| Instructions for the task |
Within the entries below, output exactly the lines between the line containing "Just a couple" and the line containing "That's all for", inclusive, and omit any picture.

| Information given |
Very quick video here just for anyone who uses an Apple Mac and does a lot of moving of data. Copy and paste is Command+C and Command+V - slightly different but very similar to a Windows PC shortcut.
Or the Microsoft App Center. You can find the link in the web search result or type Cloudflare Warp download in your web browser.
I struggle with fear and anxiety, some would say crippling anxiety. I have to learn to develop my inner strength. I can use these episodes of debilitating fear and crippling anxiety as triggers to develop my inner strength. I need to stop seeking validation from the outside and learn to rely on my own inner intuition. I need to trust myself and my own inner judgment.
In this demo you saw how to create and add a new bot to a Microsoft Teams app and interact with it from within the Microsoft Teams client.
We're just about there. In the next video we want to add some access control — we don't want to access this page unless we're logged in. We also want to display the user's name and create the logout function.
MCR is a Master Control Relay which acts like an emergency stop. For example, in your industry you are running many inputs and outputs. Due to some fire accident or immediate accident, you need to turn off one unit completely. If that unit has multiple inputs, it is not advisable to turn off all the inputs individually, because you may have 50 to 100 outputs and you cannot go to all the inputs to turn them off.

* * *

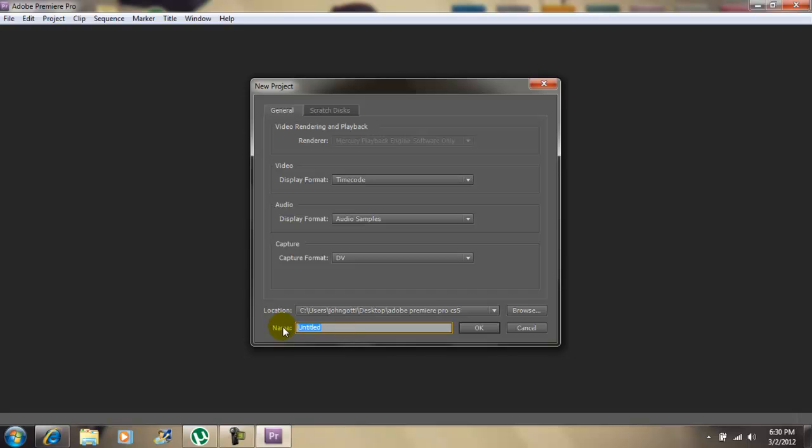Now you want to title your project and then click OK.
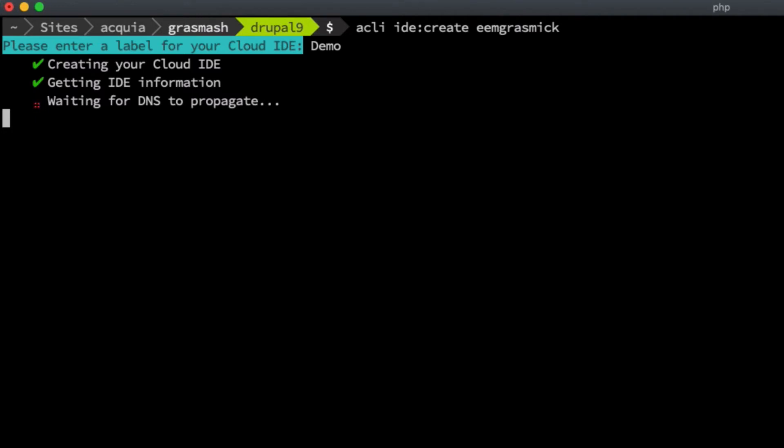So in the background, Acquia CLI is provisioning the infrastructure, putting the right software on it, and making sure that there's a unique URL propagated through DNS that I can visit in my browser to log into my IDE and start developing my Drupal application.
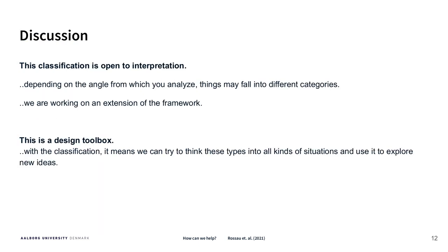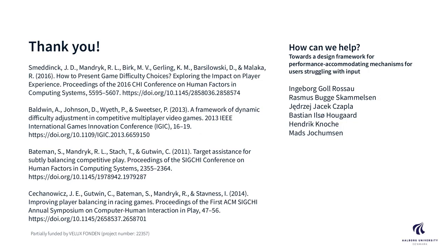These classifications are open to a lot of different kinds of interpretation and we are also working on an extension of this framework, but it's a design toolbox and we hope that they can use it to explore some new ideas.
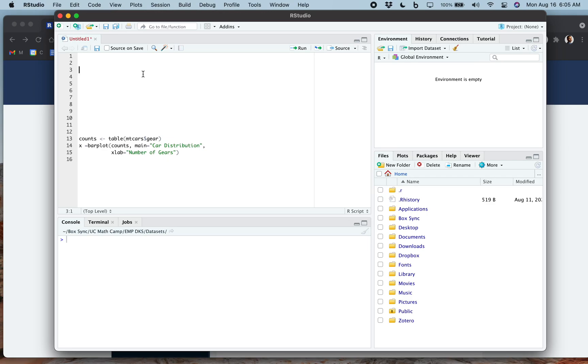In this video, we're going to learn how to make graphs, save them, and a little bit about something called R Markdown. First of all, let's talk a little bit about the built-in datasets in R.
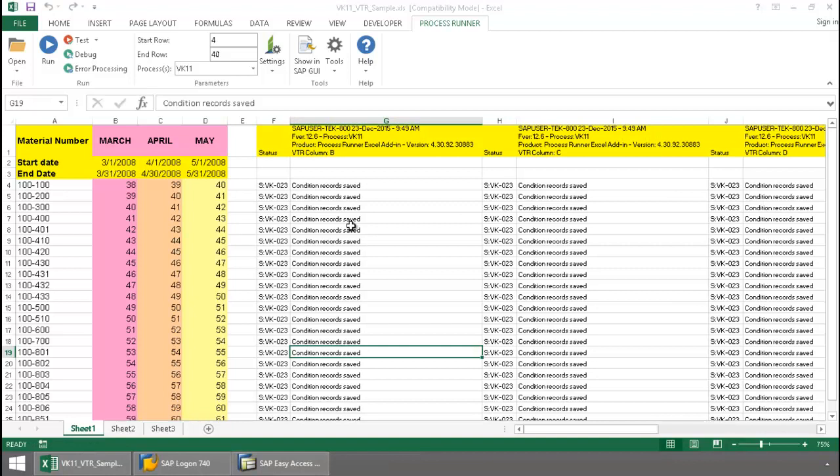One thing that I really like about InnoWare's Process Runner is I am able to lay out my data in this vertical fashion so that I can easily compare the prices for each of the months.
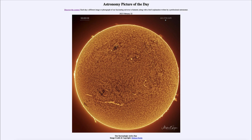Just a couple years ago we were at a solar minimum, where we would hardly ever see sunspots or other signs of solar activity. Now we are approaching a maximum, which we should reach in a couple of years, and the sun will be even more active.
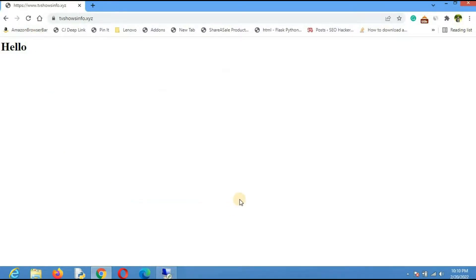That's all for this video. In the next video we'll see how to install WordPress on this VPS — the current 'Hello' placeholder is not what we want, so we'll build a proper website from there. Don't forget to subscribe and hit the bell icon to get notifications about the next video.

| Worked solution |
Just a couple years ago we were at a solar minimum, where we would hardly ever see sunspots or other signs of solar activity. Now we are approaching a maximum, which we should reach in a couple of years, and the sun will be even more active.
That's all for this video. In the next video we'll see how to install WordPress on this VPS — the current 'Hello' placeholder is not what we want, so we'll build a proper website from there. Don't forget to subscribe and hit the bell icon to get notifications about the next video.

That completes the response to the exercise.